# Freezing Cinnamon Rolls?



## Cattle&Cupcakes (Jan 13, 2009)

So yesterday I made Pioneer Woman's Cinnamon Rolls. They are TO DIE FOR. But the recipe makes 7 pans of them. I've already given most of them out, but I still have two pans left. Would you think they'd be safe to freeze in plastic wrap and foil??


----------



## Kim_NC (Sep 5, 2007)

I freeze baked goods all the time. I prefer to wrap in plastic wrap, then put in zip lock bags.

Also, I like to bake them only about 2/3 of the regular length of time....to the 'brown and serve' stage. When ready...thaw, pop in the oven for last few minutes of baking time.


----------



## Wisconsin Ann (Feb 27, 2007)

My mom used to make huge batches of breads and rolls a week or so before a holiday. She'd pop a dozen partially baked rolls in a plastic bag and freeze them, then reheat/bake for a meal.

She also did a lot of unbaked loaves in the freezer. Take them out, thaw, rise, and bake.

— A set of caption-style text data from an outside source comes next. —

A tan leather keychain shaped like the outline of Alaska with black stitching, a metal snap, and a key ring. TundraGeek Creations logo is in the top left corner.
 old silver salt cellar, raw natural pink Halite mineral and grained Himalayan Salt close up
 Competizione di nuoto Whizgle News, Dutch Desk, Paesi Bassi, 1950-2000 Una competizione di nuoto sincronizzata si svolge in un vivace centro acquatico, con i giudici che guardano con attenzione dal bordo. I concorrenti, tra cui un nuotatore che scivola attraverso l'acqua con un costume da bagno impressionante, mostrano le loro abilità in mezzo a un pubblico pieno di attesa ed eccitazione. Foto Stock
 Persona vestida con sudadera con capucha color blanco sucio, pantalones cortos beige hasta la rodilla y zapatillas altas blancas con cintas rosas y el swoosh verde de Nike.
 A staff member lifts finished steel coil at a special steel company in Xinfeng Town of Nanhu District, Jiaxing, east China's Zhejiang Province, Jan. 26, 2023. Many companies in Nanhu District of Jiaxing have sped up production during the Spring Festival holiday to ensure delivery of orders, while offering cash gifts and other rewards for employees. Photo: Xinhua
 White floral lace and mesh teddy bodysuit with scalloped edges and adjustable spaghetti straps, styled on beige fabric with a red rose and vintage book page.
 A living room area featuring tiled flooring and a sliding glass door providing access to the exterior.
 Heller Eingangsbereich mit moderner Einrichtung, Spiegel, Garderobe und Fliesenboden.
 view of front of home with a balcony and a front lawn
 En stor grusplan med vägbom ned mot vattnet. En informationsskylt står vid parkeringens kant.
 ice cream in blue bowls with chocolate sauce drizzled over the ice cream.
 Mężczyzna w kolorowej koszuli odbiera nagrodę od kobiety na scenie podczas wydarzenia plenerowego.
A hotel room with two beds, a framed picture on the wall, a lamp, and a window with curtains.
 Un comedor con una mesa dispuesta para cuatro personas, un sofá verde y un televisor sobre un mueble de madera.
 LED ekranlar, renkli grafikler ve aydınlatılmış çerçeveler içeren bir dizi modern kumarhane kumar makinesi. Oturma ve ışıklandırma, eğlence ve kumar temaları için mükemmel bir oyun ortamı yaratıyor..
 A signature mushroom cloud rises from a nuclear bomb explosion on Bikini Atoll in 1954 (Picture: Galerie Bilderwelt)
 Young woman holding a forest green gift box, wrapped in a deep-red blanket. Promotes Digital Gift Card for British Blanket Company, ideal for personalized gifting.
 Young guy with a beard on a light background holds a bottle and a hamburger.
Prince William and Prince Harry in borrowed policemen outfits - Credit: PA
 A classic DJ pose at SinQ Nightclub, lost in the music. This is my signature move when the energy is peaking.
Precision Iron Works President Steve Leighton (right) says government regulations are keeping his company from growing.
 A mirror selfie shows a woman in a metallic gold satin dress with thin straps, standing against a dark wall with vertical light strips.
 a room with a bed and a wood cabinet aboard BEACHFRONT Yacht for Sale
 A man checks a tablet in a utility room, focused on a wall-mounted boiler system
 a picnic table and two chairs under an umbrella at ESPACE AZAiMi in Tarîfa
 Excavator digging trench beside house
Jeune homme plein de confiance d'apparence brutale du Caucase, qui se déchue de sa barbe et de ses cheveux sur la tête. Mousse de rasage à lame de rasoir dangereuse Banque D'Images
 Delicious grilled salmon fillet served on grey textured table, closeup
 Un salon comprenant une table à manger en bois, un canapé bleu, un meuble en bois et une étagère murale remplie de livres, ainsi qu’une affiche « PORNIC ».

With completely baked breads you have to be double sure no frost gets in or they go soggy (and taste pretty bad). A double bag or a vacuum seal type thing works nicely. I used a ziplock with the air sucked out manually before I got a vacuum sealer. Take out a roll, pop it in the microwave for 30 seconds..and POOF! you've got a fresh baked goodie


----------



## Cattle&Cupcakes (Jan 13, 2009)

Awesome. Thank you!!!


----------



## littlekari (Jul 10, 2008)

I like to freeze them right after I roll them up and cut them. I put them on a pan lined with wax paper and freeze them. I take them out and wrap them or put them in a freezer bag and put them back in the freezer. When I need them I take out what I need put them in a greased pan and let them set at room temp over night--usually before I go to bed. The next morning I pop them right into the hot oven and we have fresh rolls!

If they are froze individually they don't stick together and you can make 1 or 24.


----------